Please sign in to post.

Scotland in WWII

I'm watching PBS's "My Grandparents' War". I'd seen other segments, but Kirstin Scott Thomas's grandfather included the convoys to Murmansk in his duties as a Royal Navel Captain in WWII. (He also rescued over 2,000 people from Dunkirk!!!) I'd first heard about this part of WWII when I read Alistair MacLean's book, HMS Ulysses. I read that book in my 20s and was quite struck by all that they endured. Then, when my parents and I did a trip over the top we found ourselves. driving around Loch Ewe and realizing that this is where they started the convoys. It can be a bit eery.

There are other WWII links to Scotland. Notably there is the Commando Memorial near Spean Bridge. Again, it was a novel that told me about the men who served here. It was by Douglas Reeman, but sadly, my move to NYC meant I donated those paperback in a Wisconsin garage sale....But the novel I read was about a commander sent north to Scotland to train in midget subs so that they could sink German ships in Norwegian fiords.

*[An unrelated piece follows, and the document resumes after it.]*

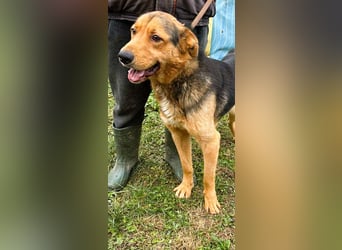 Sajan - ein Freund und noch viel mehr Sajan - ein Freund und noch viel mehr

There is also the Shetland Bus. I heard about it through a book I picked up in Inverness by the same name.

And of course, there is Scapa Flow and the Churchill Barriers and Italian Chapel.

Scotland seems a long way from the English Channel, but it played a big role in WWII.

Are there other stories to tell?

Pam

Posted by
32747 posts

Notably there is the Commando Memorial near Spean Bridge. Again, it was a novel that told me about the men who served here

My dad was one.

Posted by
9569 posts

Nigel, wow. I have seen that memorial of course.

Thanks to your father for his service.

Posted by
32747 posts

Yes - that memorial. Special place for me and my family.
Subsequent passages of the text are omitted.